De todos modos, había ocurrido algo muy emocionante. El viernes llegó un sobre para papá, con matasellos de Malasia, y lo dejaron en la mesita del vestíbulo. Pensé que seguramente mamá había vuelto a casa y había leído mi carta, y sentí mucho que no me hubiera escrito a mí también. Papá no estaba en casa y yo me pasé el día yendo al vestíbulo, cogiendo la carta, llevándomela a los labios, convencida de que era de mamá y que en ella nos anunciaba cuándo vendría. Como el sobre estaba escrito a máquina, no podía descifrar nada por la caligrafía. Pero ¿quién más podía escribir a papá? Quería saberlo, pero había vuelto a meterme en líos y no era un buen momento para preguntárselo a él.

En la luz pálida del verano inglés sentía nostalgia de cuando jugaba al calor del sol de Malasia hasta que se hacía de noche y el sol se sumergía en el mar.

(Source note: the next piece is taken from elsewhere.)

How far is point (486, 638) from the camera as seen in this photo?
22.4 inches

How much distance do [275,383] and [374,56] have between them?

Echaba muchísimo de menos a mi madre y estaba muy ilusionada pensando en todos los sitios a los que iríamos. El granero, y el callejón que había detrás de la iglesia, donde vivían los gatos. El largo paseo alrededor del pueblo.

Procuraba no pensar en el señor Oliver, y estuve siglos contando las rosas deslucidas de la moqueta y las rayas del papel pintado de las paredes. Con los restos de una y otra cosa habíamos decorado la casa de muñecas que estábamos haciendo para Fleur. La abuela incluso había hecho unas flores artificiales y un arbolito, para coserlos a la entrada.

Miré por la ventana el campo salpicado de vacas negras y blancas y la larga línea de árboles oscuros justo al final. Se me ocurrió refugiarme allí mientras el sol iluminaba el jardín y los tejados del pueblo se volvían de color plata. Podría espiar desde mi escondite hasta que viese llegar el coche.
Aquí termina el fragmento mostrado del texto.